The use of eculizumab as a bridge to retransplantation for chronic antibody-mediated rejection in a heart transplant recipient: a case report.

2021 
Background Antibody-mediated rejection (AMR) remains a major management challenge in heart transplantation given the complexity of pathological diagnosis and dearth of evidence for effective management. Eculizumab, an anti-C5 monoclonal antibody which inhibits terminal complement activation, has been reported to decrease early AMR in sensitized renal transplant recipients. Case summary We report a case of a 29-year-old gentleman with chronic AMR 8 years after heart transplantation, manifesting as significant graft dysfunction. Donor-specific antibodies to DQ7 were found to be causative. Antibody-mediated rejection was managed with quadruple oral immunosuppressive therapy (mycophenolate, prednisolone, everolimus, and tacrolimus) as well as a sequence of broad-spectrum immunological therapies; intravenous (IV) methylprednisolone, plasmapheresis, IV immunoglobulin, rituximab, bortezomib, tocilizumab, and splenic irradiation.

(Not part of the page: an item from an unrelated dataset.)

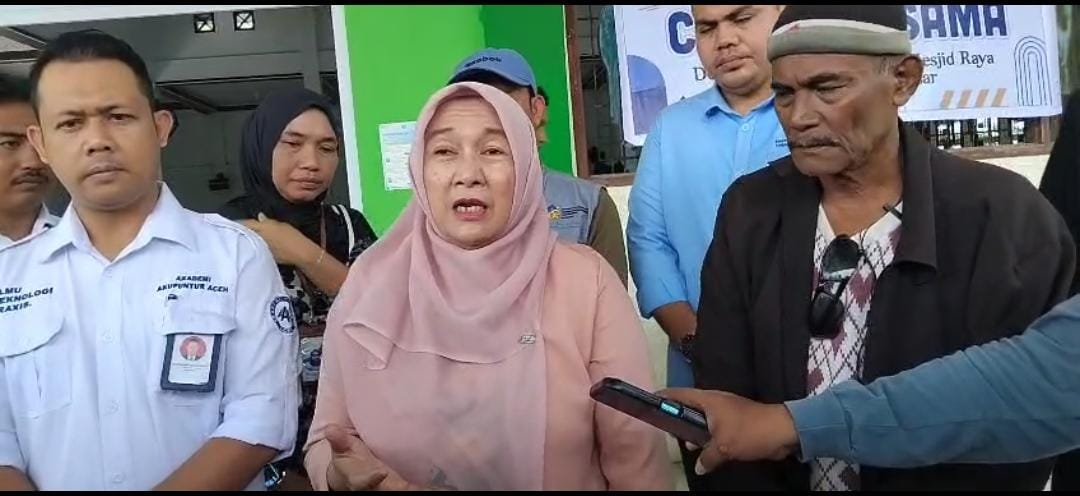 Kementerian Kependudukan dan Pembangunan Keluarga (BKKBN) melalui perwakilan BKKBN Provinsi Aceh mengunjungi Sekolah Lansia Ceria di Gampong Neuheun dan Lamnga, Aceh Besar. Sabtu 15/11/2025.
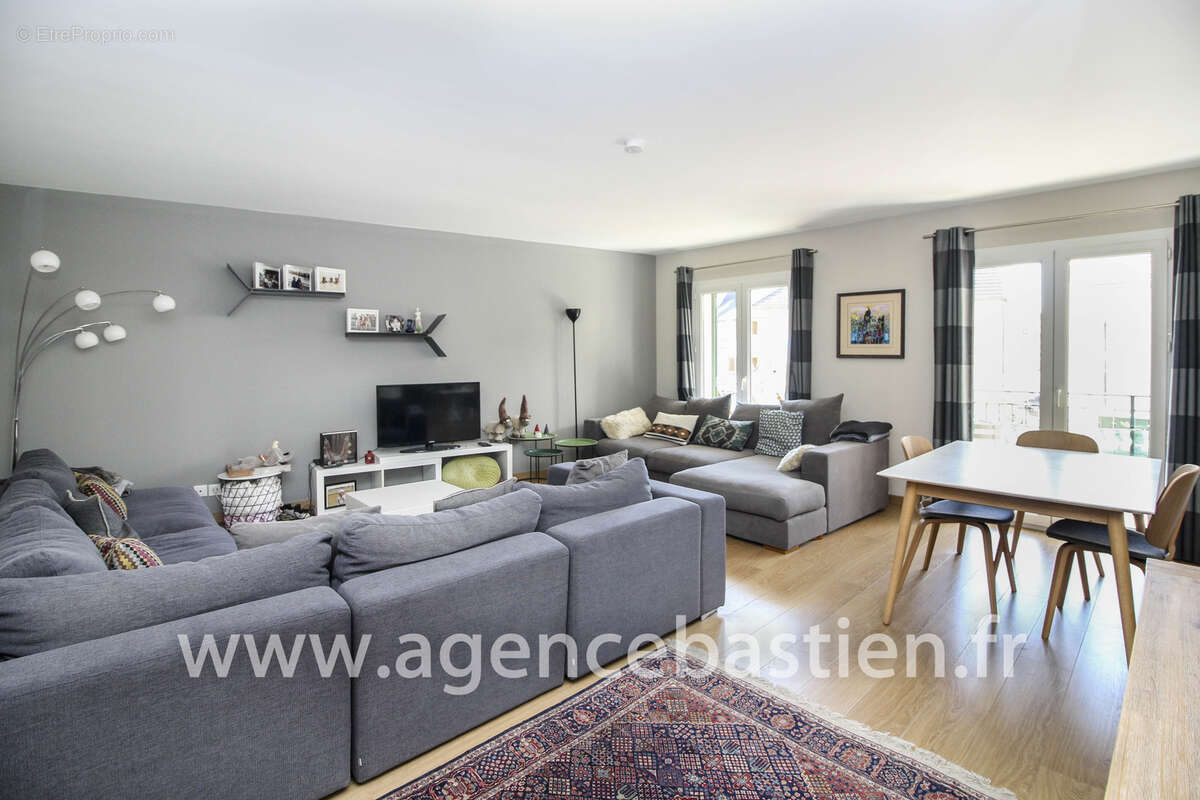 Appartement à DIVONNE-LES-BAINS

No treatment had a sustained impact on donor-specific anti-HLA antibodies (DSAs) or graft function. After testing showed the DQ7 antibodies were complement-binding, a trial of eculizumab was started. This improved DSAs somewhat, and improved graft function and New York Heart Association functional class substantially. The patient was relisted for heart transplantation and successfully retransplanted in March 2018. Specifically, the new organ and recipient were matched at DQ7. After discontinuation of eculizumab, the patient has remained healthy and well, with normal graft function 28 months after retransplantation. Discussion To the best of our knowledge, this is the first case of chronic AMR in a heart transplant patient, successfully stabilized with eculizumab and bridged to retransplantation.